Stored data

══════════════════════════════

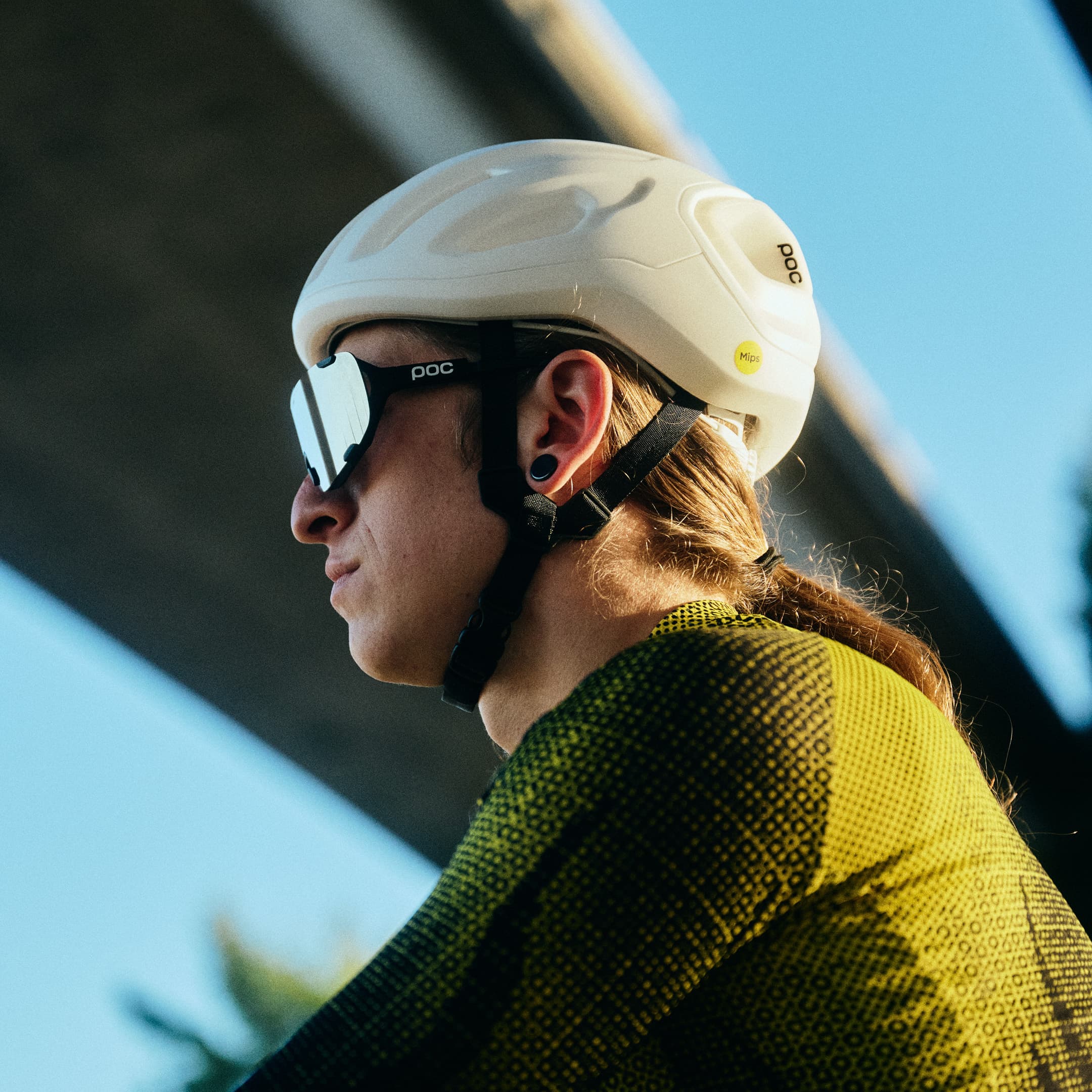 Profile of a cyclist wearing a white helmet and sunglasses, with a textured yellow outfit, under a bridge on a clear day.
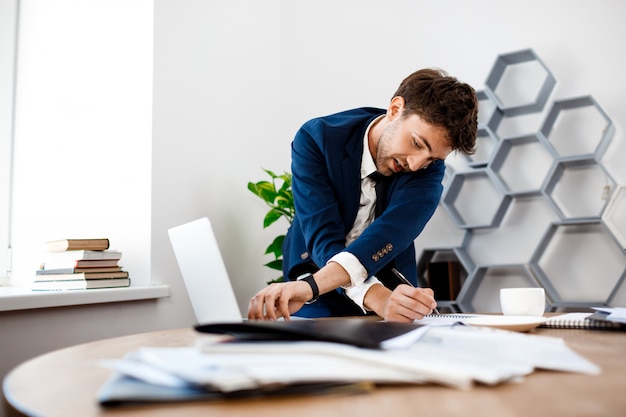 Absentminded young businessman speaking on phone, office background.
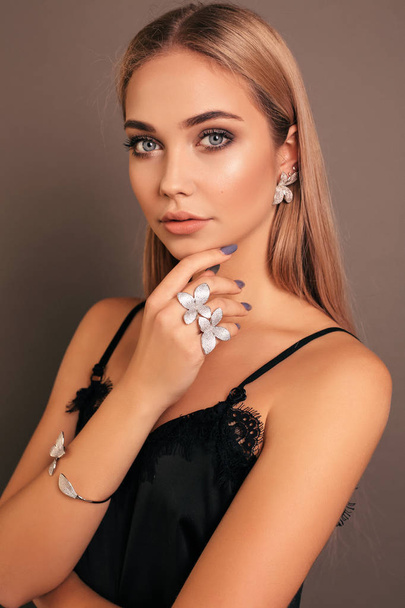 fashion photo of beautiful young girl with blond hair in elegant black dress with jewelry posing in studio - Fotoğraf, Görsel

══════════════════════════════

How to complete this task
The answer is to be the lines from the line that contains "Absentminded young businessman" through the last line of the material, retyped exactly, both included, with pictures left out, please.

Result of this task
 Absentminded young businessman speaking on phone, office background.
 fashion photo of beautiful young girl with blond hair in elegant black dress with jewelry posing in studio - Fotoğraf, Görsel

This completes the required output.